Pemberian cairan yang cukup diperlukan dalam menangani croup ringan di rumah untuk mencegah dehidrasi pada anak. Air putih, ASI, atau susu formula dapat diberikan pada anak bayi maupun anak yang lebih besar. Buatlah anak merasa nyaman dan tenang karena menangis dapat menambah parah gejala kondisi ini. Dokter dapat memberikan jenis obat kortisteroid oral yang akan membantu meredakan pembengkakan di tenggorokan dan parasetamol khusus anak untuk meredakan demam serta rasa sakit yang muncul.

Perhatikan efek samping akibat pemberian obat-obatan ini, seperti gelisah, pusing, gangguan pada perut, dan muntah. Obat-obatan ini juga tersedia dalam bentuk cairan dan dapat diperoleh secara bebas di apotek atau supermarket. Jangan berikan obat batuk atau dekongestan karena dapat membahayakan kondisi anak yang sedang mengalami kesulitan bernapas. Anak yang berusia di bawah 16 tahun sebaiknya tidak diberikan aspirin. Bicarakan bersama dokter atau apoteker mengenai jenis obat yang sesuai untuk kondisi dan usia anak Anda.

Anak yang terus mengalami gangguan pernapasan sebaiknya segera diperiksakan ke dokter karena dapat memerlukan penanganan lebih lanjut di rumah sakit. Suntikan adrenalin melalui nebulizer dapat mengurangi gejala croup yang makin parah.
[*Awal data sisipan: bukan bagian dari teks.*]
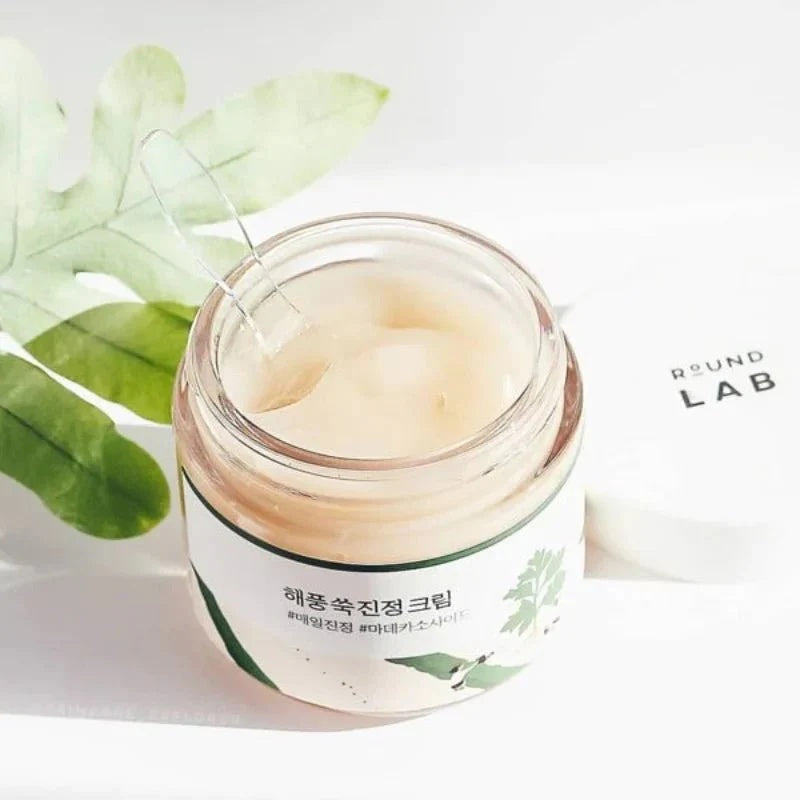 Round Lab Mugwort Calming Cream – 80 ml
Anak akan menghirup obat dalam bentuk titik-titik air kecil.

Pada kasus lainnya, anak dapat memerlukan intubasi, yaitu dimasukannya sebuah selang melalui lubang hidung atau mulut hingga melewati trakea untuk mempermudah pernapasan. Proses ini membutuhkan pembiusan umum agar anak tidak merasa takut dan sakit.

Kasus kematian anak akibat croup sangat jarang ditemukan karena pada sebagian besar kasus, kondisi ini akan membaik dengan sendirinya dalam waktu 48 jam. Gejala croup dapat berlangsung hingga dua minggu dan jika tidak segera diobati croup dapat menimbulkan komplikasi seperti infeksi telinga bagian tengah atau pneumonia. Jika setelah mendapatkan perawatan di rumah sakit kondisi anak tidak kunjung membaik, dokter dapat merekomendasikan pemeriksaan lebih lanjut untuk mencari kemungkinan gangguan lain, misalnya pemeriksaan X-ray di area leher dan dada. 

Komplikasi Croup

Walau jarang, croup dapat menyebabkan gangguan saluran napas yang berujung pada gangguan napas berat, bahkan gagal napas. Kondisi gagal napas ditandai dengan terhentinya pernapasan, namun jantung tetap berdetak.

Komplikasi lainnya adalah peradangan pada salah satu atau kedua jaringan paru-paru yang dikenal dengan penyakit pneumonia. Infeksi lainnya adalah bakteri trakeitis (peradangan pada trakea), infeksi telinga tengah, dan lymphadenitis (peradangan pada kelenjar getah bening). 

Pencegahan Croup

Menjaga kebersihan serta menjauhkan anak dari penderita lainnya adalah hal utama dalam pencegahan penyebaran croup. Seperti halnya flu, penyakit ini dapat menyebar dengan mudah jika 

Anda tidak rajin membiasakan anak untuk rajin mencuci tangan. Anjurkan anak untuk mengarahkan bersin ke area siku untuk mengurangi risiko penularan virus ke orang lain. Selain itu, vaksinasi rutin juga menjadi satu cara lain melindungi anak dari jenis infeksi pemicu kondisi croup. Beberapa vaksin anak yang memiliki pencegahan ini, antara lain vaksin MMR untuk perlindungan dari campak, campak jerman atau rubella, dan gondongan. Lalu vaksin DtaP/IPV/Hib untuk perlindungan dari tetanus, polio, difteri, batuk rejan, dan Haemophilus influenzae type b penyebab pneumonia.